Can a minister, in such conditions, personally collect information from all those who had their finger on the trigger? The question is, of course, rhetorical.
Former President Traian Basescu criticized the authorities in Bucharest for their hesitation/failure to shoot down Russian drones entering our airspace.
On Tuesday, however, he raised a sharp issue to which the Defense Ministry must come up with pertinent answers, because the questions that Traian Basescu publicly asked himself are, most likely, also on the lips of other fellow citizens:
- “Either we don’t have the equipment with which to shoot down the drones, although I don’t think so, knowing the equipment with Gepard combat machines that are special for anti-aircraft combat, or we didn’t have the ability to use the equipment we have in such a way as to shoot down the drones.”
- “And so far we have proven that it is in vain that we are full of Eurofighters, in vain are we full of F-16s, in vain we pick them up and say ‘we have raised fighter planes’. Yes, we lifted but no one shot down any drone. So we’re starting to be ridiculous.”
Every aspect of Russia’s hybrid warfare – from disinformation, interference in electoral processes, cyberattacks to incursions by drones or other projectiles – must be met with decisive answers that leave no room for questions or cultivate the impression of superficial or, worse, structural weaknesses.
The story of Russian drones penetrating Romanian airspace reached an intolerable peak on Tuesday.
And even if, fortunately, neither victims nor damages were recorded, this can no longer justify the persistence of the approach so far that the competent authorities in Bucharest have had.

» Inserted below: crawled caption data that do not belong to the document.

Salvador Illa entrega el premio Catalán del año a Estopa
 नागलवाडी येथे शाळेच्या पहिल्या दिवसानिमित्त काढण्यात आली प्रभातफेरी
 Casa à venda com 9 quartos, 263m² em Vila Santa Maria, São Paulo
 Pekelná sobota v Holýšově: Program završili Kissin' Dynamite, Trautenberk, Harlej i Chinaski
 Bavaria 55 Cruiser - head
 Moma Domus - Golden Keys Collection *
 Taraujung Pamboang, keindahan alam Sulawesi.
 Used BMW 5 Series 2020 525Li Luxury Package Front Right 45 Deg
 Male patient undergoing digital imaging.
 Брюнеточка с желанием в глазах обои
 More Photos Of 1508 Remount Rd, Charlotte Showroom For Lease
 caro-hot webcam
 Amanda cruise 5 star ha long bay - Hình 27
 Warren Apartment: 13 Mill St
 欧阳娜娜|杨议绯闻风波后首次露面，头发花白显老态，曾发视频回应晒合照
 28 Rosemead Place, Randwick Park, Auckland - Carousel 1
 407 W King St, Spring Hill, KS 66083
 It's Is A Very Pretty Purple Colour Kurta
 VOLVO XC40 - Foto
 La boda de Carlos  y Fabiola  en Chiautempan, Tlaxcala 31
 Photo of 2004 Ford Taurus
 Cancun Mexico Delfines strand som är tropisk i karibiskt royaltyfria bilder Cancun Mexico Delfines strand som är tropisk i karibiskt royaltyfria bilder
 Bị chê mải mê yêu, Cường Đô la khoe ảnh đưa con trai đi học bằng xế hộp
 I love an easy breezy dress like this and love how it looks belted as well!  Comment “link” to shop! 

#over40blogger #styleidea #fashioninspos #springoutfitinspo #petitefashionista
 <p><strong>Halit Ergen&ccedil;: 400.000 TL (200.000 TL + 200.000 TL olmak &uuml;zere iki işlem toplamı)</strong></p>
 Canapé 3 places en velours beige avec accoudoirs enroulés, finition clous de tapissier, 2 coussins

Something is clear that it does not work at the operational level, considering not only what happened, but also the fact that the Minister of Defense himself admitted that he had much higher expectations. And it is also clear that, in case reforms were made after the last failure of this type, those changes were not enough or the right ones, since history has repeated itself.
The credibility and responsiveness of state institutions are of strategic importance in general, but this is even more so in the conditions of a high-intensity conflict on the country’s borders.
Aince Tuesday, the stakes have become terribly high, given that the credibility and capacity of the armed forces are at stake.
The Defense Minister must indeed come back with complete answers, but above all, together with the military leadership of the army, what does not work optimally within the institution on which Romania’s defense depends must be urgently corrected.